Les jeunes parents sont assaillis par toutes ces informations avant
de prendre leur décision d’achat. Combinée au fait qu’ils sont
pressés par le temps et limités par des moyens financiers, cette
exposition constante à une grande quantité d’informations où il
est difficile de distinguer le vrai du faux peut miner sérieusement
leur sens critique et aboutir à l’achat d’un produit de piètre
qualité nutritionnelle (Elliot, 2008; Mehta et al., 2012).

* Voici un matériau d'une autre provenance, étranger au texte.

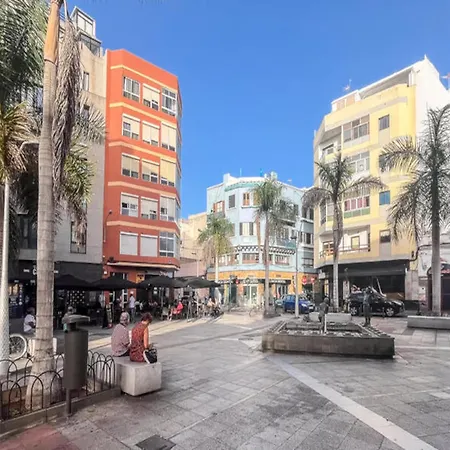Cozy Canteras - 1 Min From The Las Palmas de Gran Canaria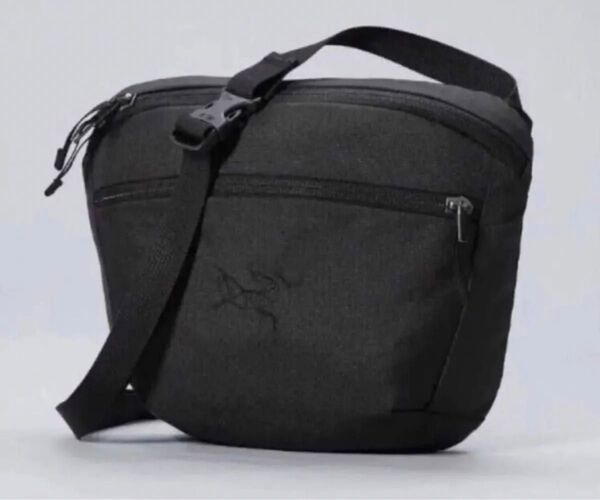 ARC'TERYX Mantis 2 Waist Pack マンティス2 ウエストパック BlackII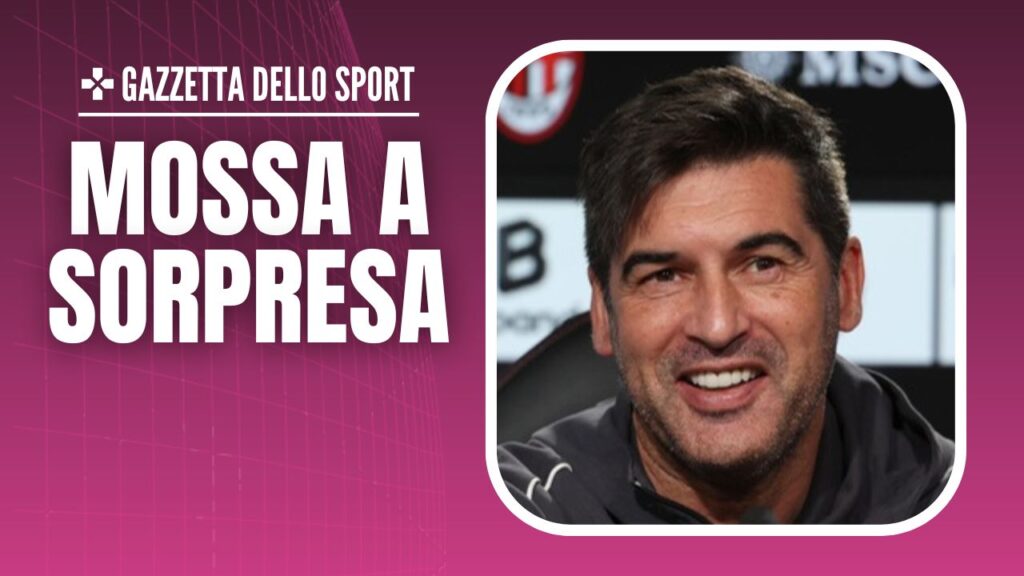 Paulo Fonseca AC Milan allenamento Milanello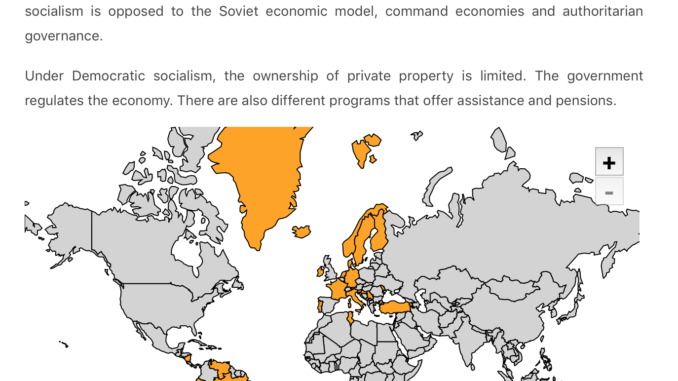 Screen Shot 2020-02-09 at 5.48.40 PM Map of Democratic Countries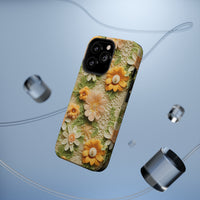 Thumbnail for Meadow Sunshine - MagSafe Tough Cases for iPhone 13, iPhone 13 Mini, iPhone 13 Pro, and iPhone 13 Pro Max.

Très jeunes, les enfants disposent de la capacité de reconnaître les
produits auxquels ils sont exposés dans les publicités (Valkenburg,
Buijzen; 2005), aussi sont-ils la proie des départements de
marketing alimentaire.
La majorité des produits alimentaires qui font l’objet de publicité sont
riches en gras, en sel et en sucre et ont des qualités nutritionnelles
discutables (Story et French, 2004). Plusieurs études démontrent
une relation entre l’exposition à la publicité et la consommation
d’aliments qui représentent de moins bons choix (Page, 2008;
Berry et McMullen, 2008; Which?, 2007; Eliott, 2008; Mehta et
al., 2012). Ces données sont inquiétantes puisque les habitudes
alimentaires établies au cours de l’enfance et de l’adolescence
sont déterminantes pour l’état de santé à l’âge adulte (Bergadaà
et Urien, 2006). En effet, les habitudes acquises tôt dans la vie
influencent les préférences futures (Story et French, 2004).